Quarterly Outlook
Macro Outlook: The US rate cut cycle has begun
Peter Garnry
Chief Investment Strategist
Chief Macro Strategist
Summary: The Bank of Japan refused to capitulate overnight as it doubled down on its yield curve control policy and announced unlimited daily auctions to enforce its yield-curve-control policy. This set the JPY on tilt again, with USDJPY rushing well above 130.00 overnight in the wake of the meeting. USDCNH also moved in in response, helping the USD sharply higher. Elsewhere, the Riksbank moved in the opposite direction, hiking rates 25 basis points and sharply raising its rate forecast, driving a strong boost to SEK.

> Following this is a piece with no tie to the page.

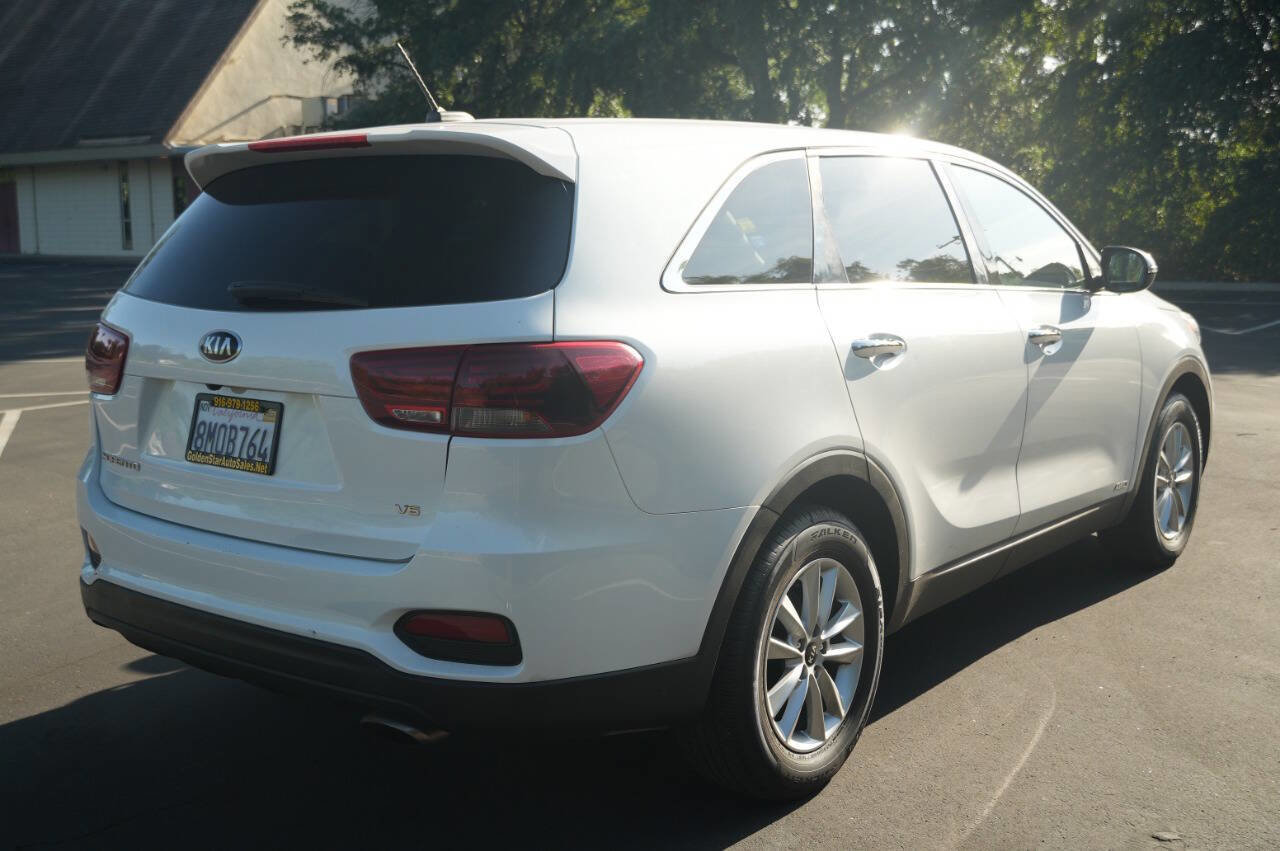 Used 2019 Kia Sorento AWD V6 image 7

FX Trading focus: Bank of Japan puts JPY back on tilt, Riksbank lights fire under SEK
Going into the BoJ overnight, my expectation bias was that the Bank of Japan would have to loosen up its forward guidance in some meaningful way, even if very cautiously so. Kuroda and company could have taken the opportunity, for example, to indicate a two-way policy potential: on the one hand suggesting that for now it expects inflation will prove transitory and that it is happy with its current policy mix, but that if global yields continue to rise at anything resembling the recent pace and inflation – for cost of living expenses, particularly those driven by a weaker JPY – it may have to adjust its yield-curve-control policy in future meetings. The government’s recent fiscal package aimed at offsetting cost-of-living increases for vulnerable households is a clue that the weak JPY is weighing politically ahead of important lower house election in July. Instead, the BoJ meeting overnight saw Kuroda and company doubling down on the current policy mix and even announcing daily auctions with unlimited backing of the 0.25% 10-year yield cap.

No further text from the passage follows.